Il mea culpa della sinistra mondiale: «Rivediamo il pensiero progressista»

Domani a Londra il lancio di Euston Manifesto: «Basta con i pregiudizi sugli ebrei e l’anti-americanismo»

Gaia Cesare

Basta con l’antiamericanismo. Basta con il metodo «due pesi e due misure», in base al quale si considerano gravissime le violazioni dei diritti umani compiute nei Paesi democratici e si tace su quelle molti più gravi commesse altrove. Stop a quel pensiero che giudica l’11 settembre un risultato «meritato o prevedibile». E poi ancora basta ignorare l’antisemitismo e nascondere i pregiudizi contro gli ebrei dietro la formula dell’antisionismo.

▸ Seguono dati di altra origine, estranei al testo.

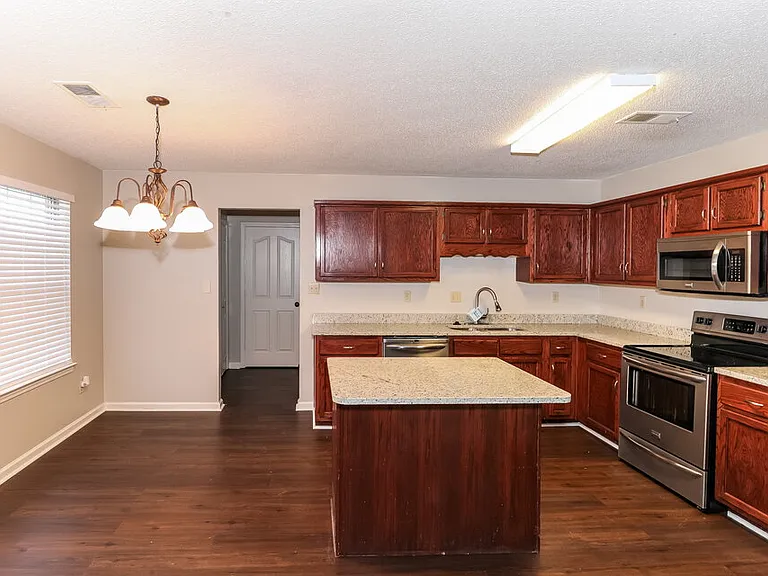 7456 Jennifer Dr — Photo 5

È racchiuso in quindici punti il manifesto politico elaborato da un gruppo di intellettuali della sinistra britannica, il cui obiettivo è «ridefinire il pensiero progressista», lanciandosi in una critica della sinistra da sinistra. Si chiama “Euston Manifesto”, perché proprio in un pub nei pressi della fermata della metropolitana londinese, Euston Station, si ritrovarono un anno fa l’editorialista dell’Observer, Nick Cohen, il professore dell’Università di Manchester, Norman Geras e vari altri intellettuali inglesi. Da quegli incontri (partiti all’indomani della rielezione di Blair, il 5 maggio 2005) è nato un testo che ha già cominciato a circolare in Rete (eustonmanifesto.org), garantendosi centinaia di adesioni internazionali e consensi fra gli intellettuali e i bloggers di tutto il mondo, ma che domani sarà lanciato ufficialmente alla stampa internazionale, nella capitale inglese.

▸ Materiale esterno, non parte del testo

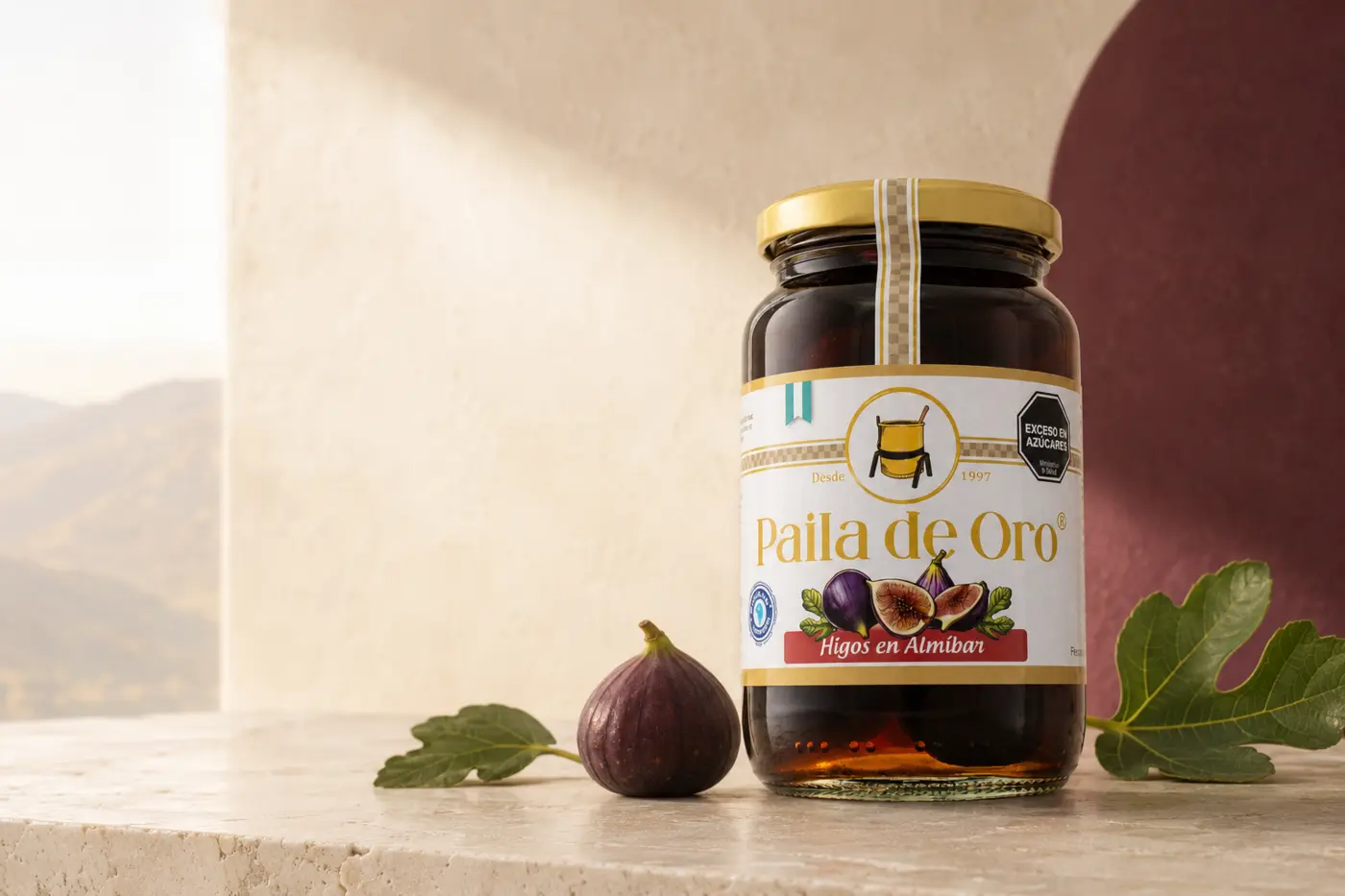 Frasco de higos en almíbar Paila de Oro en una escena serrana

«Siamo democratici e progressisti e proponiamo un nuovo riallineamento politico», scrivono i protagonisti. «Intendiamo ridefinire il pensiero progressista distinguendo nettamente tra la sinistra rimasta fedele ai propri valori più autentici e quella che invece si è ultimamente mostrata troppo arrendevole nel difendere quei valori». In che modo raggiungere l’obiettivo? Rifiutando «senza eccezioni l’antiamericanismo che oggi avvelena tanta parte del pensiero di sinistra» e che «non giustifica pregiudizi generalizzati» contro gli Stati Uniti e i suoi abitanti. Ammettendo inoltre che «il terrorismo è una minaccia da combattere, senza scusanti», rifiutando «di pensare che non possano esservi aperture verso idee e persone a destra», condannando «chiaramente e severamente la sinistra che si allea a forze antidemocratiche».

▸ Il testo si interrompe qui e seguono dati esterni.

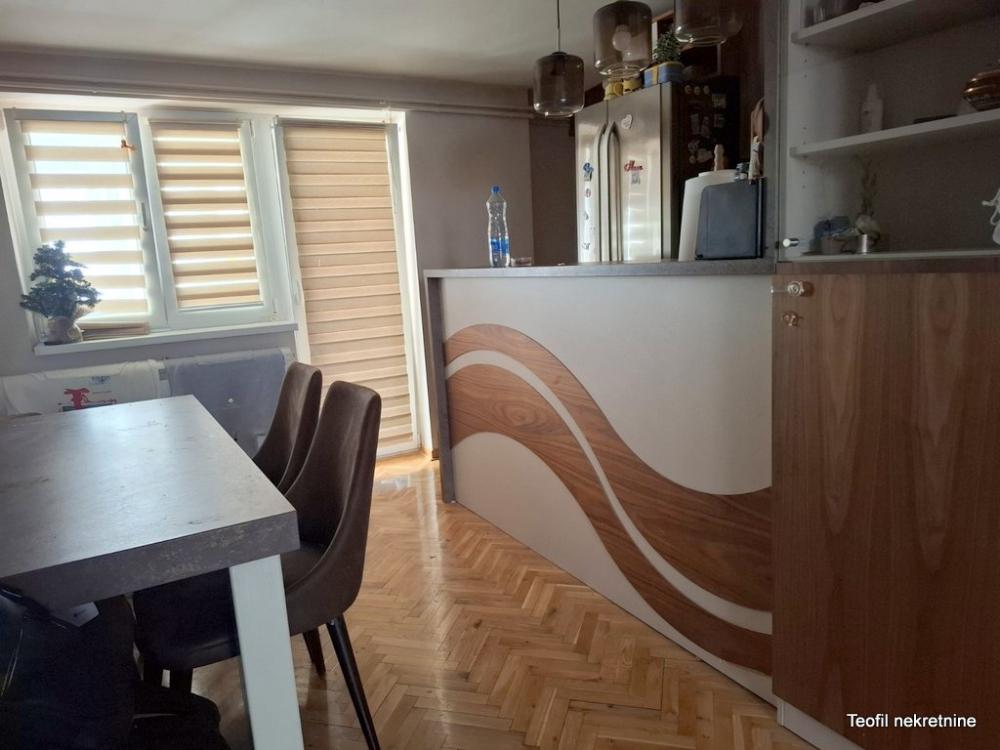 Slika 5 - Dositejeva, Trosoban stan na prodaju, 80m2, 295.000€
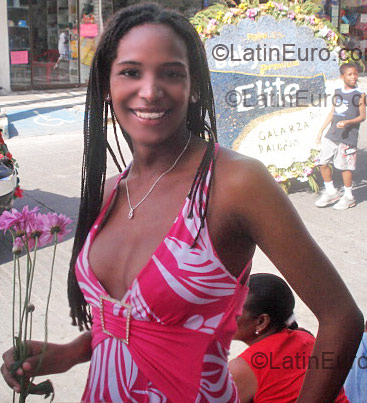 Date this nice looking Colombia girl Keisha from Bogota CO3670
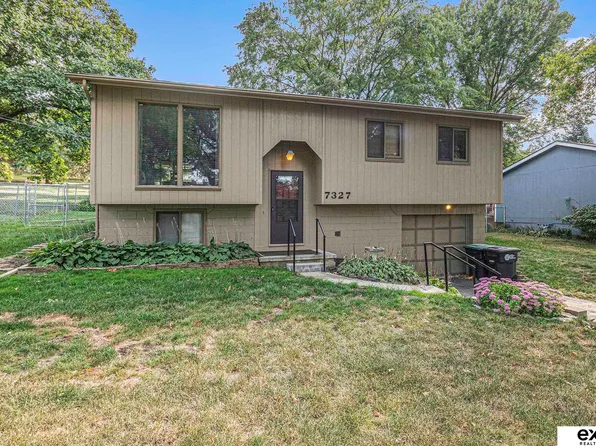 7327 Miami St, Omaha, NE 68134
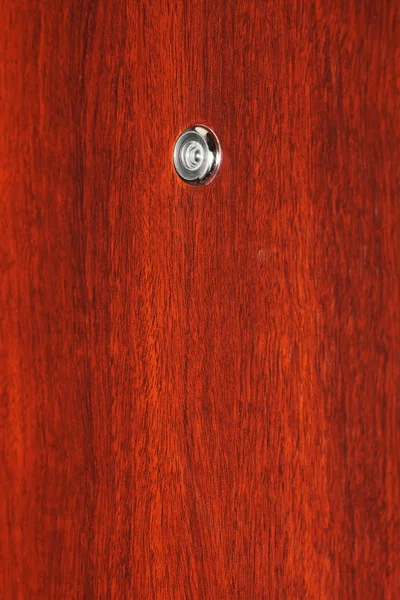 木门上的窥视孔ματάκι σε ξύλινη πόρτα — Φωτογραφία Αρχείου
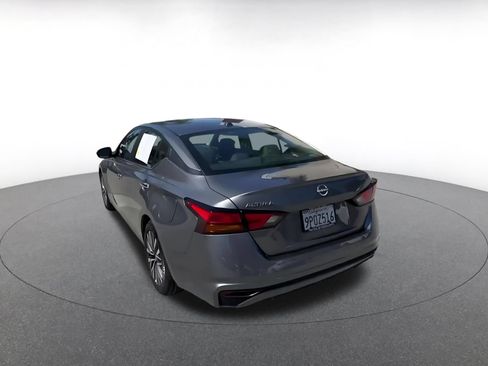 Used 2025 Nissan Altima 2.5 SV FWD image 9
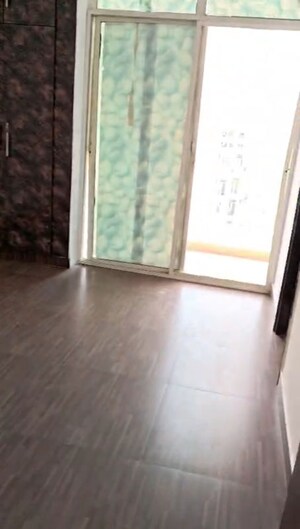 Room in 2 BHK Apartment at Proview Officer City, Raj Nagar Extension – for Sale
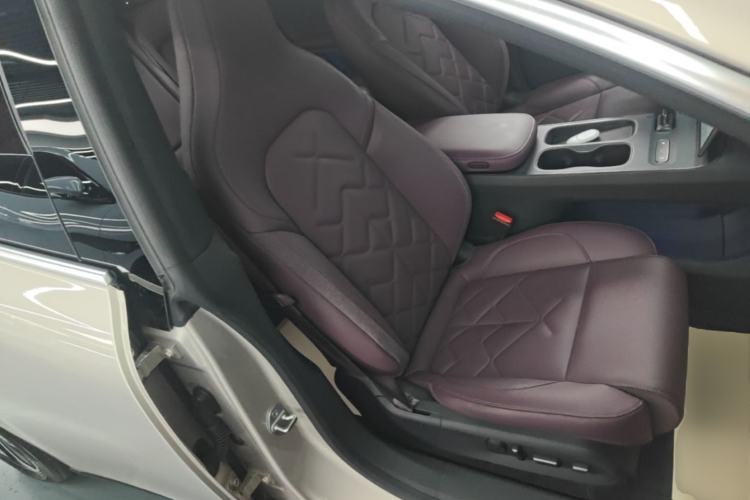 Used Nio ET5T 2024 75kWh Touring Right Front Seat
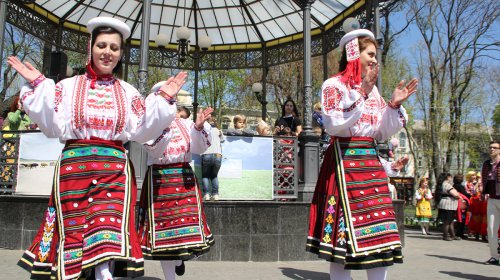 Одесский туристический фестиваль: лотереи, танцы и огромный торт (фоторепортаж)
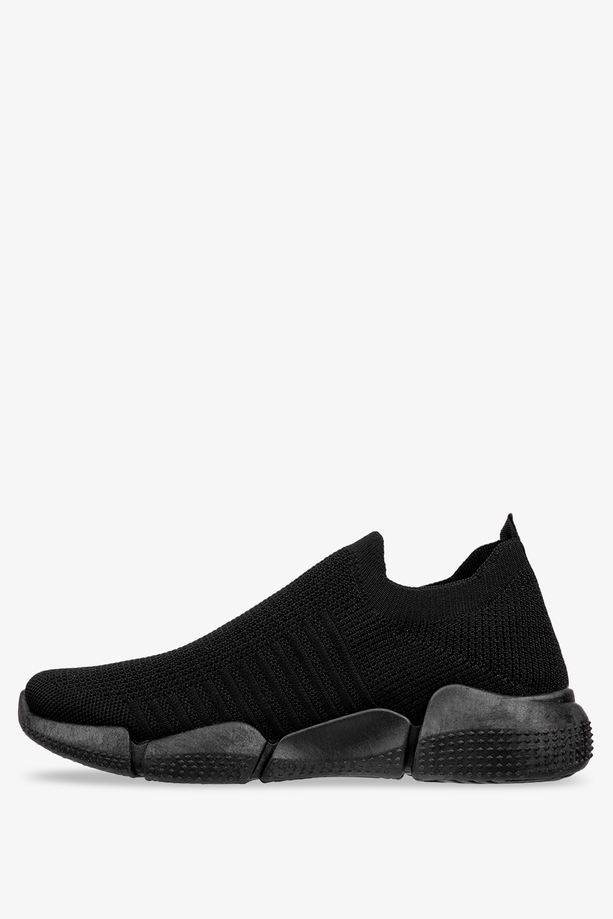 Czarne buty sportowe slip on Casu 26-3-22-1B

A metà fra un «mea culpa» e un piano d’intenti politici, il documento fa chiari riferimenti al caso iracheno e al crollo del regime di Saddam, trasformatosi per una fetta della sinistra in un tranello in cui molti sono caduti «rinnegando tutti i valori democratici che affermano di voler difendere». «Riconosciamo le profonde ma comprensibili diversità di opinioni sull’opportunità di quell’intervento (...), siamo tuttavia uniti nel giudicare il regime baathista come reazionario, fascista e assassino e dichiariamo che la sua caduta è stata una liberazione per il popolo iracheno», scrivono gli intellettuali inglesi.

Come se non bastasse, il Manifesto sottolinea la pericolosità dell’antisionismo che serpeggia all’interno di «organizzazioni considerate di sinistra», «disposte a dar voce ad esponenti apertamente antisemiti o ad allearsi a gruppi antisemiti». Anche dall’Italia sono già arrivate le prime firme, fra cui quella di Antonio Polito, senatore della Margherita e del radicale Daniele Capezzone.